Tuesday, April 17, 2018

Dirty Harry #01 - Duel for Cannons

I’d put off reading this for nearly a year because I had a premonition that it wouldn’t be very good. I was right.

A vacationing Texas lawman gets gunned down in California, and “Dirty Harry” Callahan of the San Francisco Police Department thinks it was an assassination. It was indeed, and as Harry investigates further, a big conspiracy emerges involving an evil Texas businessman who’s got the whole San Antonio police department on his payroll, including its crooked chief. Those who don’t go along get killed by the businessman’s favorite assassin. Harry goes after them all, and you can guess how things end up.

The story has potential, and Dirty Harry is a terrific character, but somehow this book never got in gear for me. I didn’t care for the style of author Ric Meyers (using the name Dane Hartman), who writes as if he’s reading a screenplay and adapting it shot-by-shot into a novel. The result is that action sequences go on way too long, with lengthy descriptions of the physical landscape and details of each participant’s every motion. It’s always way more information than you need. For example, the book opens with the assassin killing that vacationing lawman. That simple sequence takes fourteen pages to describe.

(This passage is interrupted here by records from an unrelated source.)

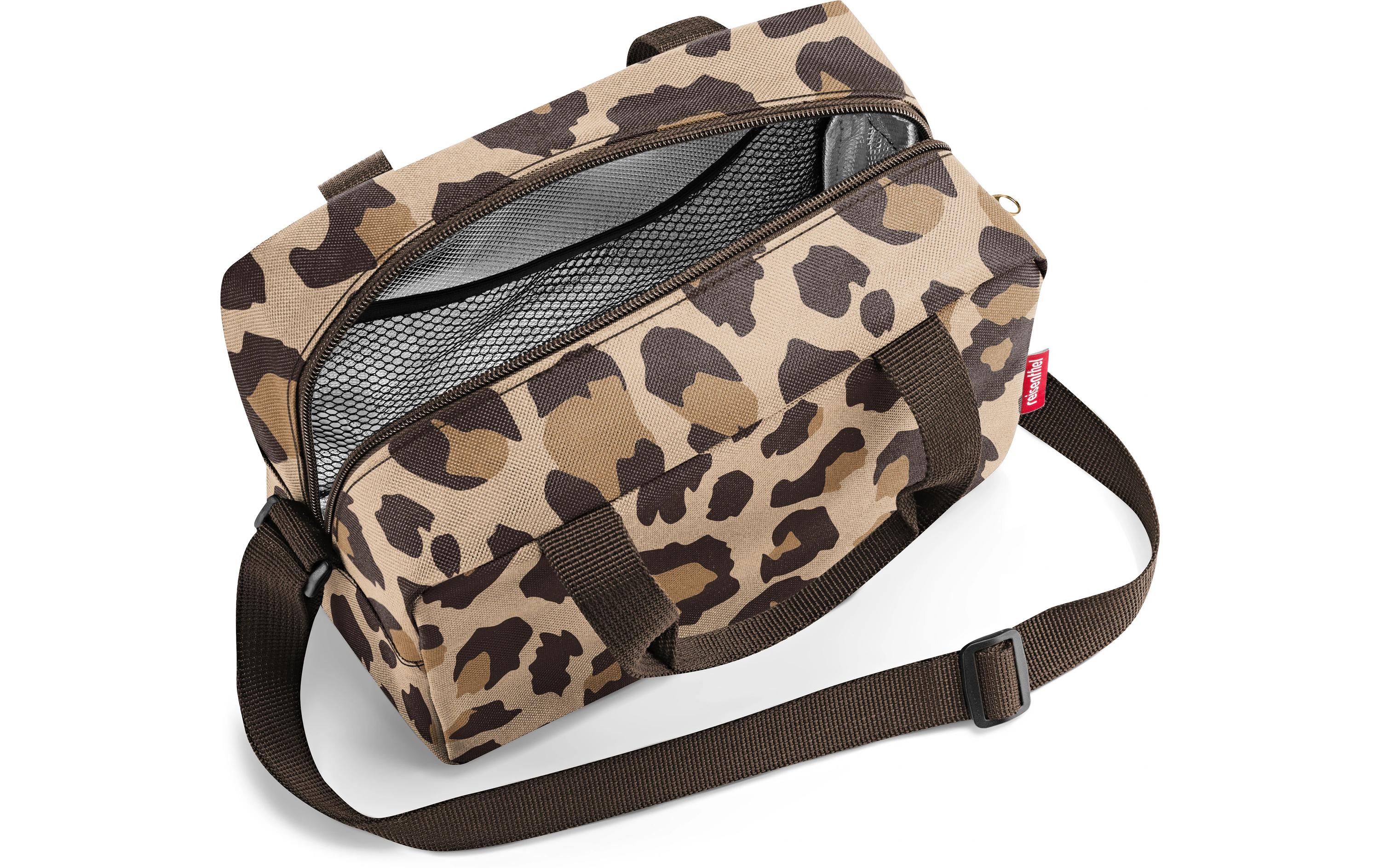 Kühltasche to-go Leo MacchiatoLunch-Kühlbox zum Umhängen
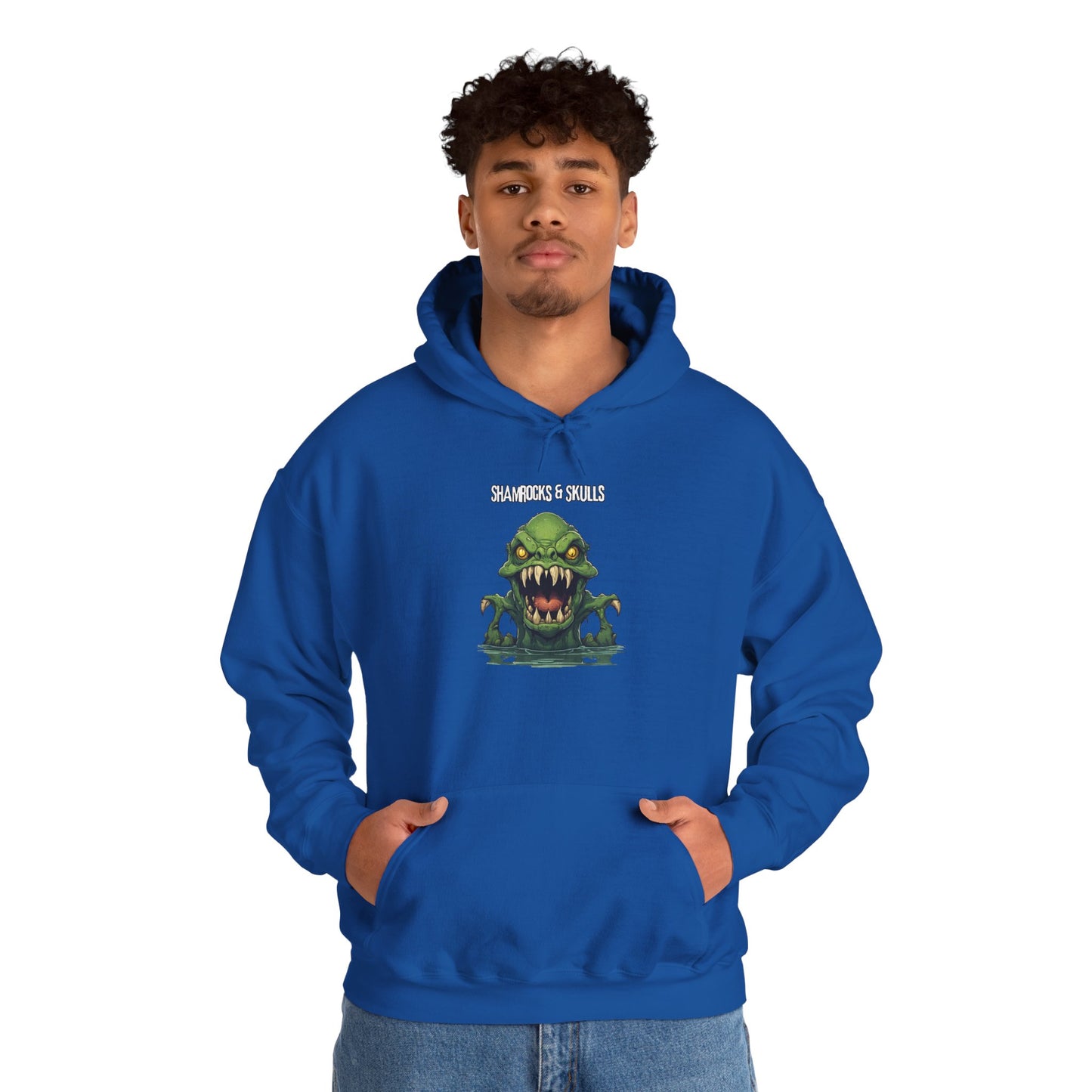 Swamp Creature Hoodie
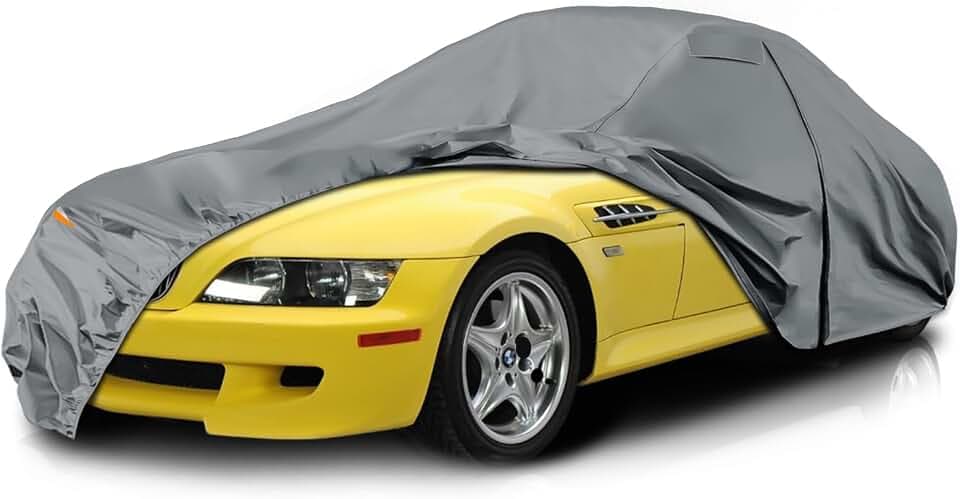 Waterproof Premium Car Covers Replace for 1996-2008 BMW Z3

Most of the story takes place in San Antonio, where Harry tries to rescue its last remaining honest lawman, who’s been kidnapped by the villains. This leads to a series of drawn-out gun battles in which nothing gets resolved. It also leads to Harry sleeping with the lawman’s worried wife (huh?), which I guess gives him something to do between gunfights. 

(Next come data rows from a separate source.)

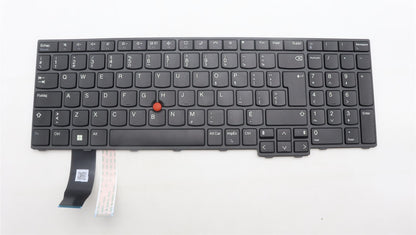 Lenovo NB_KYB CS22 NM TOP,BK-NBL,PMX,058 FRA French Keyboard 5N21D93799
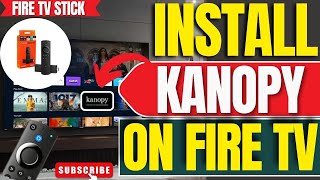 How to Install the Kanopy App on FireStick | Quick Tutorial for Amazon Fire TV!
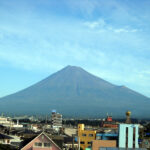 【2016年10月06日　今日の富士山】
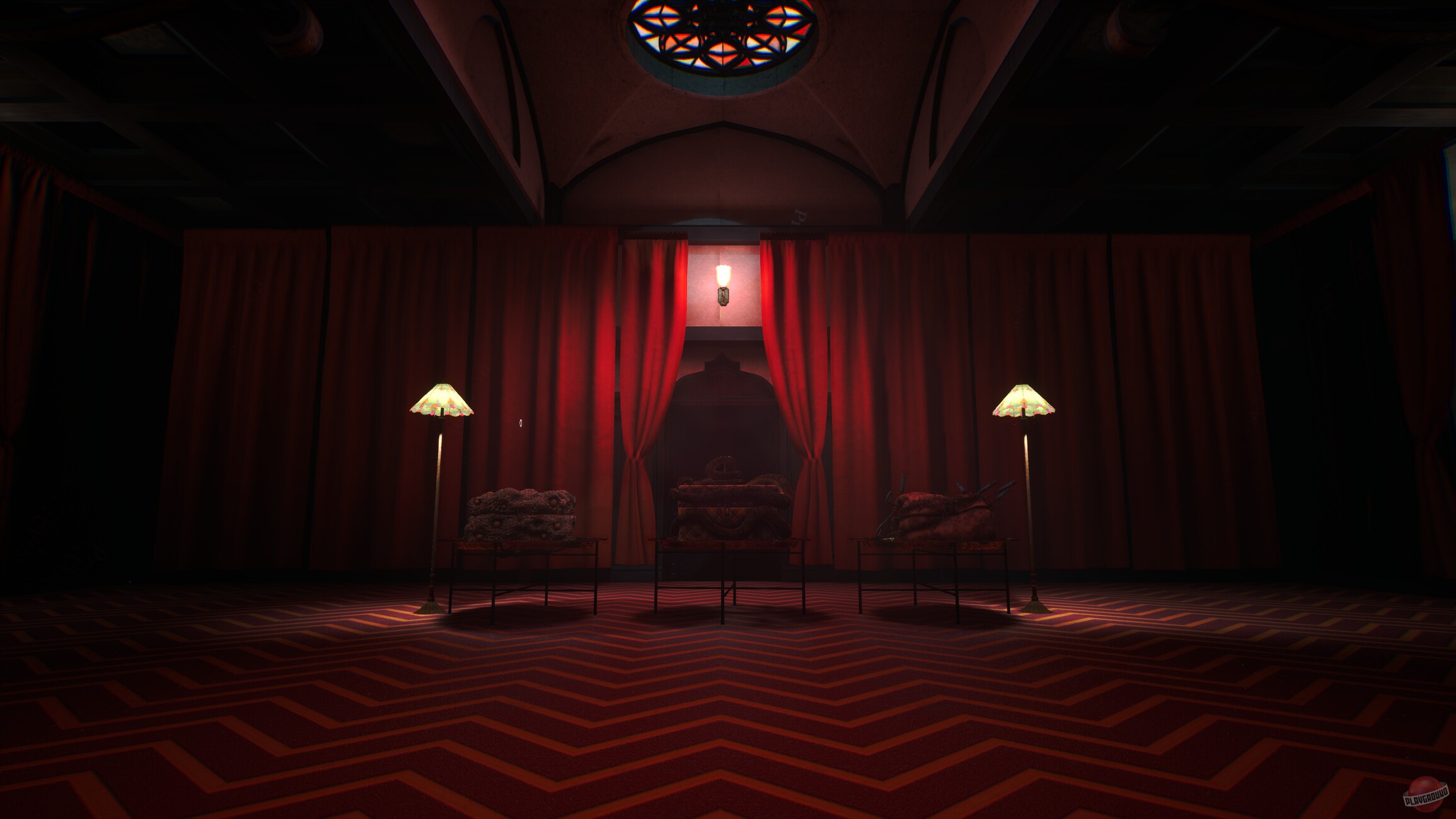 Скриншот из игры Jinn - 4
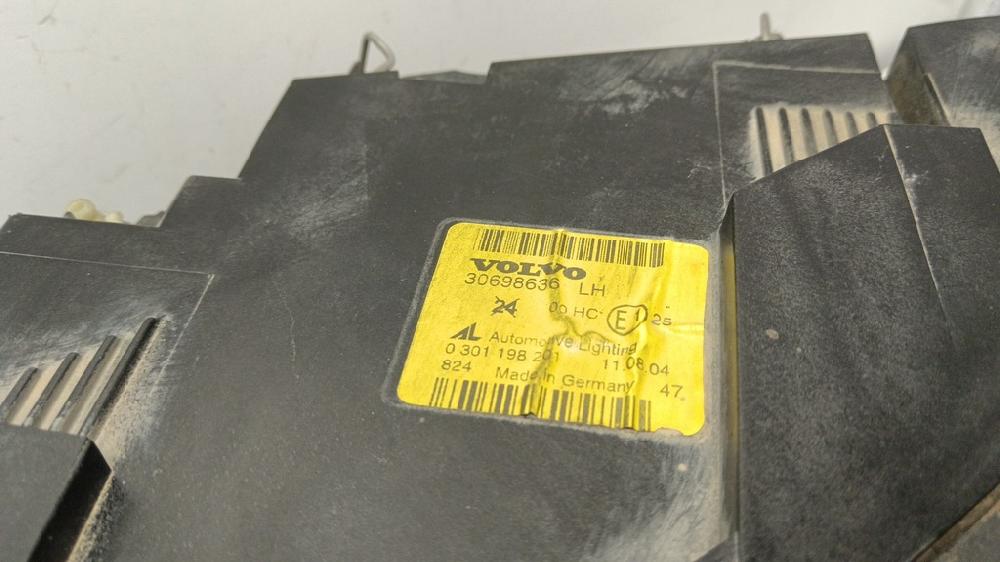 FARO IZQUIERDO VOLVO S40 2004 2.0 MT 136CV | 100KW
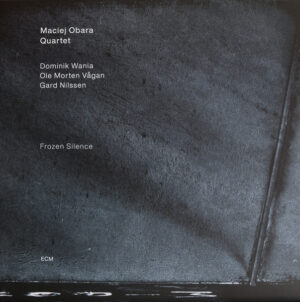 MACIEJ OBARA QUARTET - FROZEN SILENCE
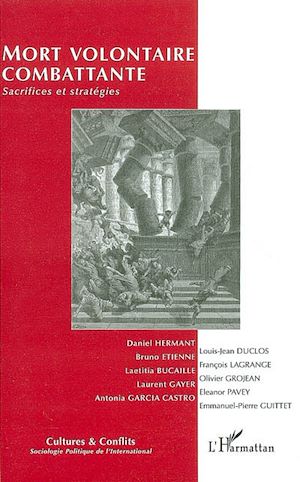 Téléchargez le livre :  Mort volontaire combattante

Weirdly, Harry then teams up with the assassin to invade the businessman’s mansion and kill him. After that battle, there’s a brief layover until the book’s final shoot-out, in which Harry and the assassin try to kill each other. This occurs at the Alamo, apparently after the tourists have gone home but before anyone locks up for the night, as Harry walks right through the front door for his gunfight appointment.

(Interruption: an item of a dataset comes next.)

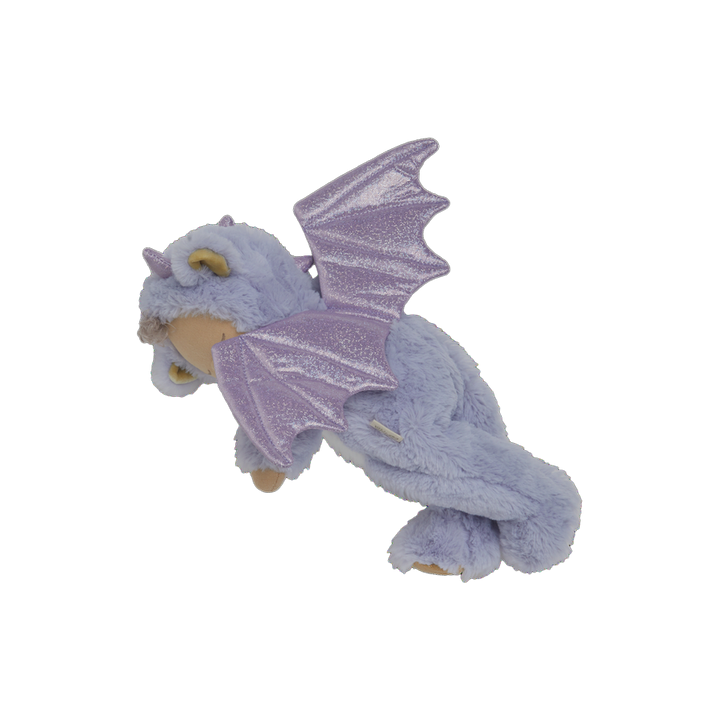 Olli Ella - Cozy Dinkum Dragon - Rory - Lavender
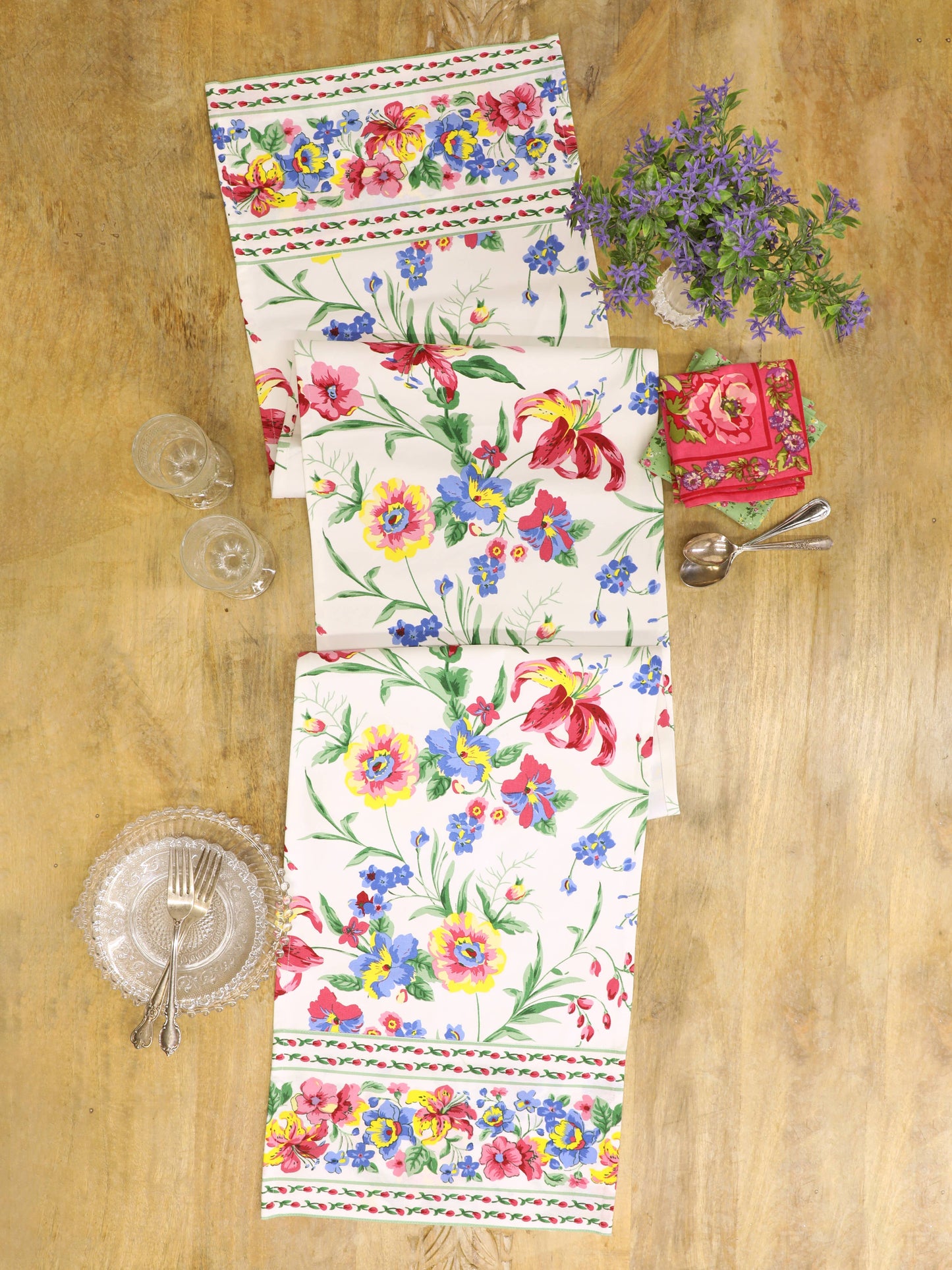 APRIL CORNELL RUNNER LILLIANA 13X72"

What follows is a lot of shooting until the ammo runs low, and then we come to the one scene in the book that I loved. It’s a reversal of the famous scene in the original movie, in which Harry levels his Magnum at a cringing low-life and gives that little speech ending with “You have to ask yourself a question: do I feel lucky?” This time it’s Harry who’s looking up at that lethal barrel, and it’s a terrific scene. Unfortunately we have to slog through 98.5% of an uninspired book to get there, but at least there’s that.

1 comment:

  1. "Dirty Harry" was pretty uneven as a series, though enjoyable to read. Ric Meyers wrote the better stories. At a pulp convention, nearly four decades ago, one fellow said he met/knew the author of the other installments, but didn't remember the name. Writing to him didn't help, as he quickly fell out of touch with fandom. The best installments kept Harry in San Francisco, and not traveling the U.S. like Mack Bolan.